This form of treatment led to some early difficulties. Many small companies went bankrupt, said Dziekonski, with interest rates surging to 70 percent at one point thanks to high inflation. "But after a year, inflation was under control and the economy started on the right track under the new rules," he told the Global Times.

Another important aspect of Poland's economic reforms was opening up to foreign trade and investment. Import taxes and limits were abolished, as new policies also opened Polish products to export, said Dziekonski.

Poland has achieved significant growth since becoming a member of the EU. Poland's GDP growth rate averaged roughly 4 percent from 2004 to 2013, despite Europe's financial woes during the latter years of this period. Today, Poland is the sixth largest economy in the EU. But it didn't get to its present position overnight.

Dziekonski noted that Poland had the chance to grow faster than its neighbors because of EU regulations, such as the open movement of people and money within the region; the absence of internal tariffs in the EU market; and technical harmonization in various fields among EU nations.

"This required significant changes by Polish companies, which were used to former Soviet standards, to conform to the new EU rules," Dziekonski noted.

Joining the EU has had an overwhelming positive impact on the Polish economy. The abolishment of visa restrictions means Polish nationals can travel freely throughout the bloc in search of job opportunities. Capital from the EU has also flowed into Polish businesses and infrastructure projects.

Still though, Dziekonski said farmers were particularly concerned when Poland first joined the EU, due to the union's stringent agricultural regulations. "Now farmers are the most supportive of joining the EU. They have land and benefit from the export of food products," he told the Global Times. In a referendum on the matter held in 2003, 77 percent of Poles agreed to join the EU, according to Dziekonski.

This year marks the 65th anniversary of diplomatic relations between China and Poland. Recent years have seen the two countries deepen their economic ties, especially since their signing of a strategic partnership agreement in 2011.

Now Bank of China and Industrial and Commercial Bank of China have opened branches in Poland. Several Chinese companies are also taking part in Poland's privatization push and local infrastructure projects. However, bilateral cooperation is "not as fast as it could go," Dziekonski noted.
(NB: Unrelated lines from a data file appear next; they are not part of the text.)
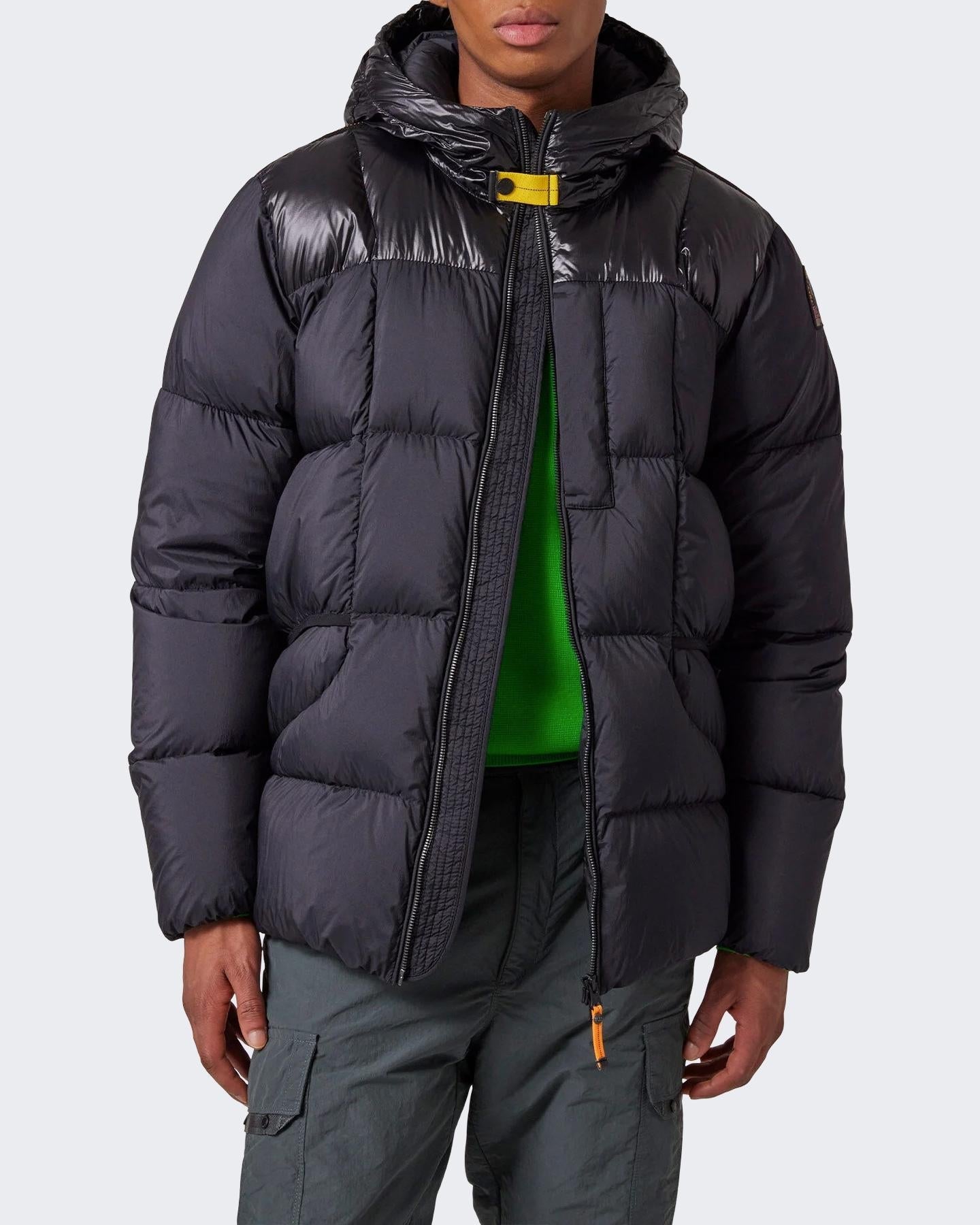 Parajumpers Heren Sento - Eleganza.nl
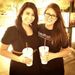 Profile Picture of Sarah Clapper (@sarclaps) on Pinterest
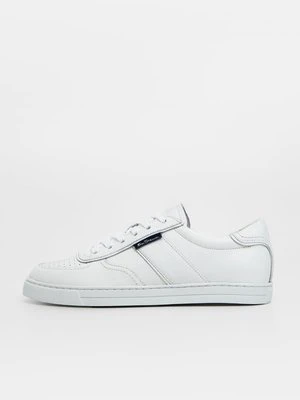 Sneakersy niskie Ben Sherman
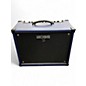 Used BOSS Katana KTN50 50W 1X12 Guitar Combo Amp thumbnail
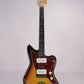 [SN R122020] USED Fender Custom Shop / 1962 Jazzmaster Journeyman Relic 3-Color Sunburst 2022 [10]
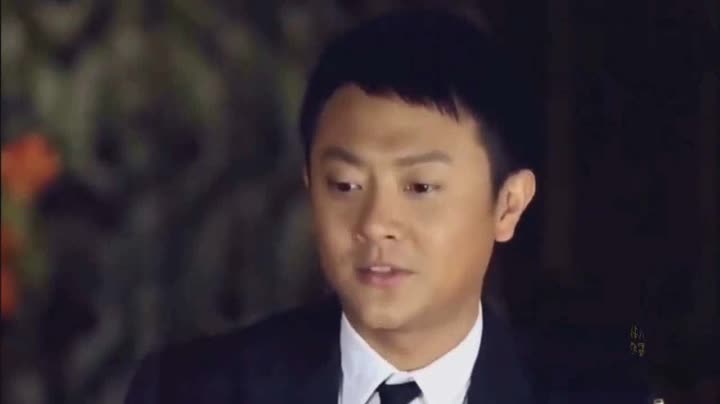 王自健明星资料大全-王自健动态_王自健电视剧电影-爱
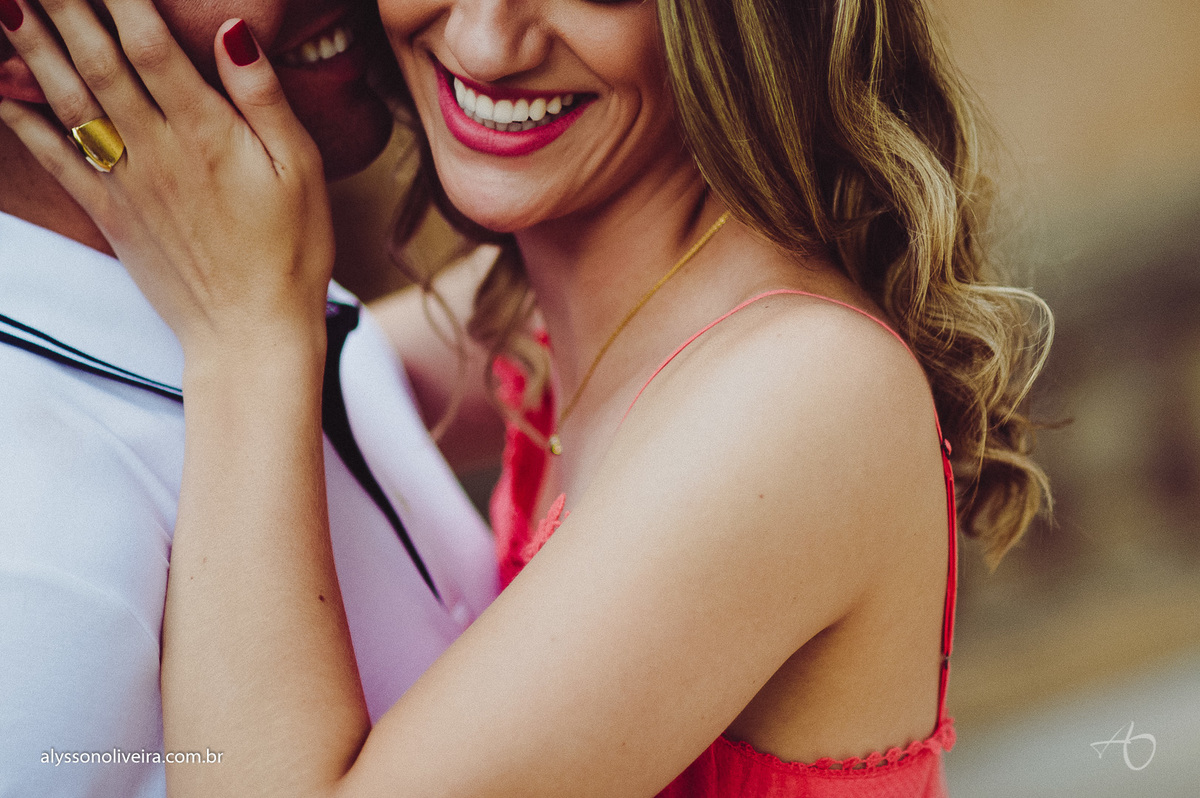 Alysson Oliveira Fotografo de Casamento no Brasil, Fotografo de Casamentos, Fotografo de Casamento no triangulo mineiro, Fotografo de Casamento em Minas Gerais, Fotografo de Casamento Em Uberaba, Pré Wedding, Pré Wedding, Fotografia de Pre w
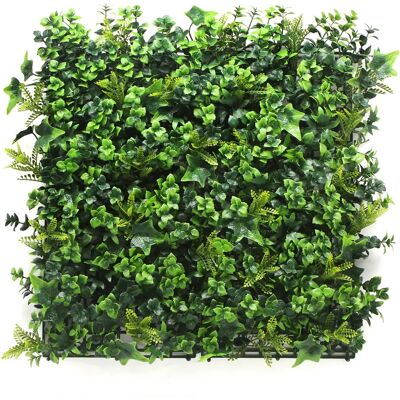 Gardeneas Mal1210 Jardín Vertical - Pack de 4 Gardeneas Mal1210 Jardín Vertical - Pack de 4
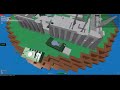 My First-Time Experience In Austiblox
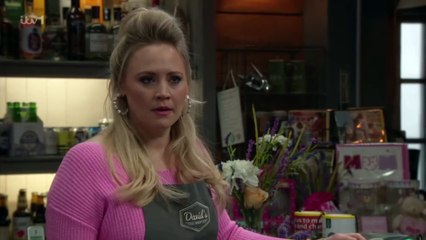 (17) Ruby Fox-Miligan 4th March 2024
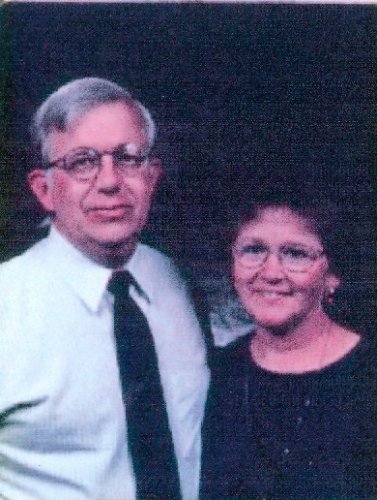 Jerry Beasley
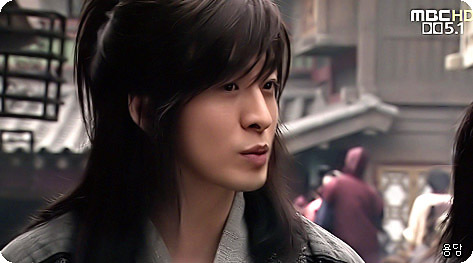 배용준 12년전 클라스 | 인스티즈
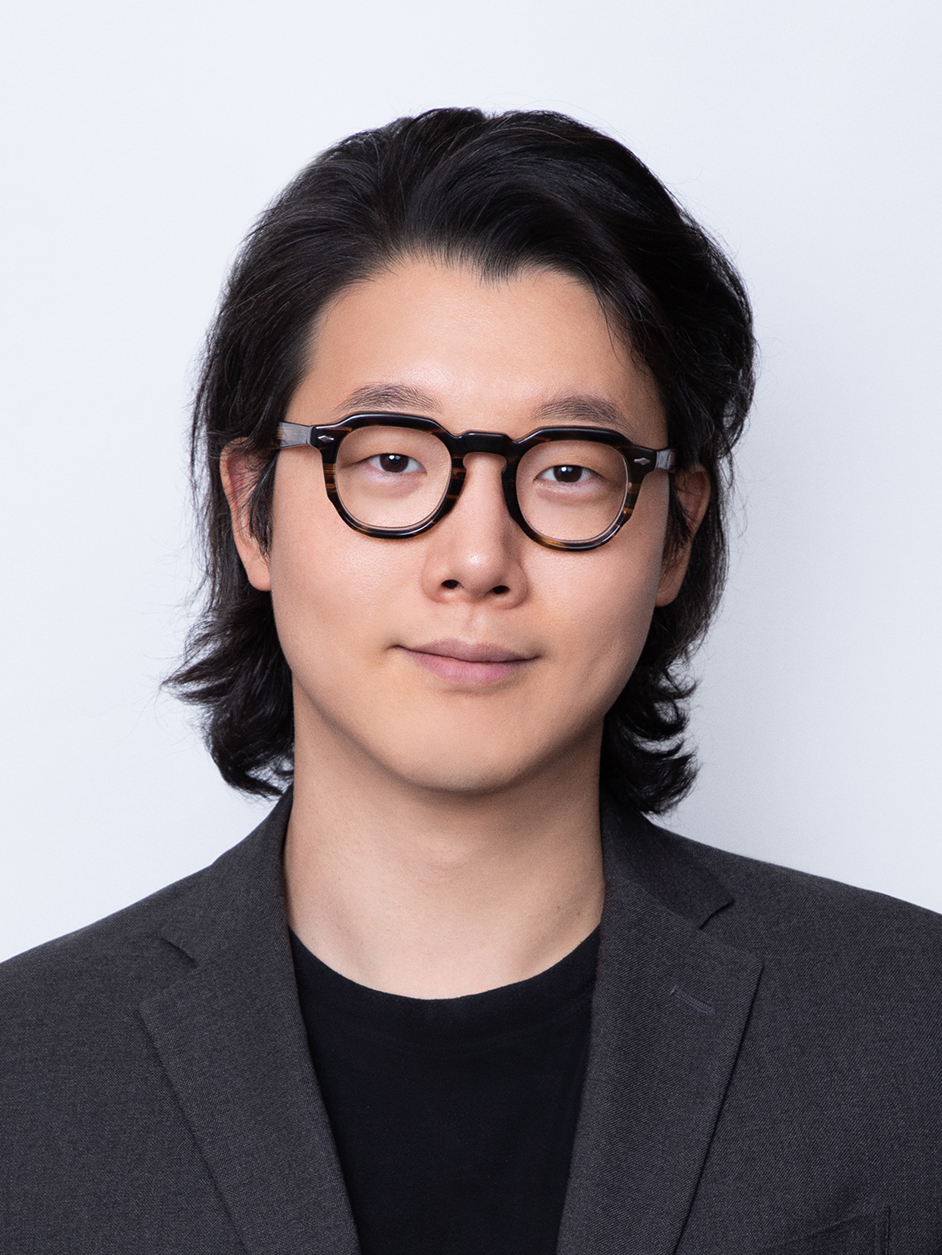 현경훈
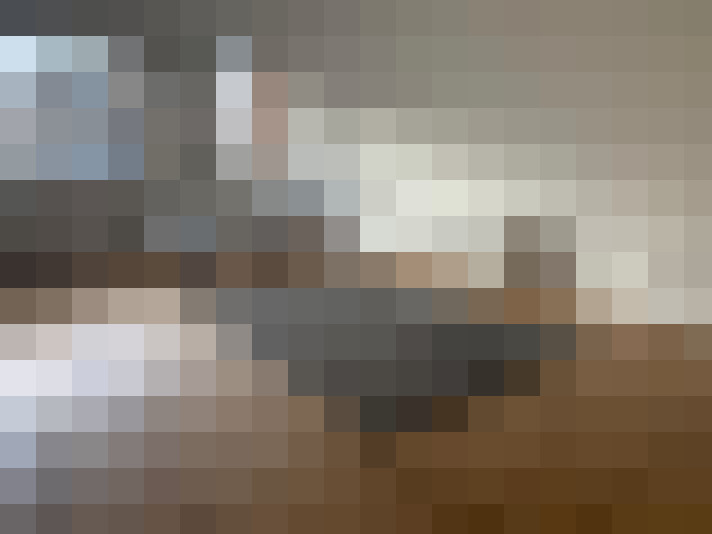  / #14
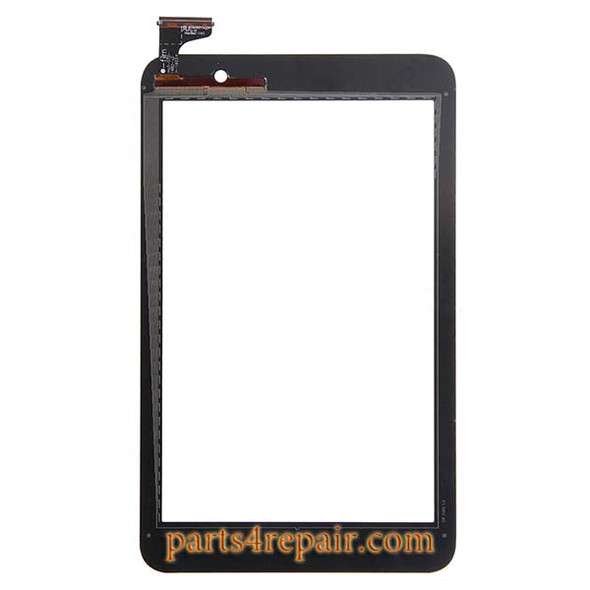 Touch Screen Digitizer for Asus Memo Pad 7 ME176C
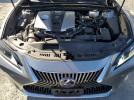 Lexus Es 300h Image 12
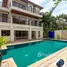 5 Bedroom Villa for rent in Phuket, Choeng Thale, Thalang, Phuket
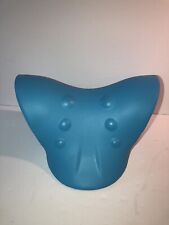 Neck pillow shoulder for sale  Bessemer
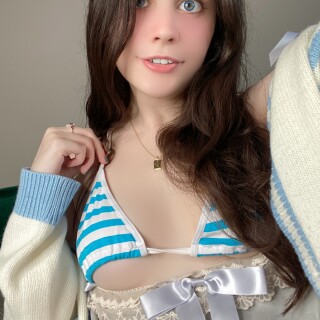 1-28b2fd02841690f288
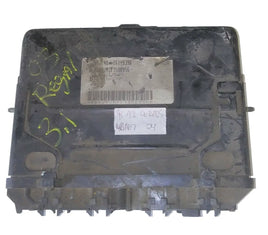 16149396 ECM ECU computer 1991-1993 Oldsmobile Cutlass or Grand Prix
During a meeting with Polish Prime Minister Donald Tusk in a summit between China and Central and Eastern European countries in Bucharest in November, Chinese Premier Li Keqiang said his country is willing to invest in Polish railway construction and is considering increasing imports of brand-name products from Poland.

There are benefits for both sides to increase cooperation, as China is striving to make its economy more market-oriented while at the same time Poland is trying to attract more foreign investment.

The resilience of the Polish people is evident from their ability to thrive during periods of historic change. The current administration, said Dziekonski, is being challenged to maintain economic growth, lower unemployment, defeat a budget deficit, bolster national competitiveness and promote innovation. From what the country has achieved over the past two decades, one can be confident that Poland will find ways to keep growing over the years ahead.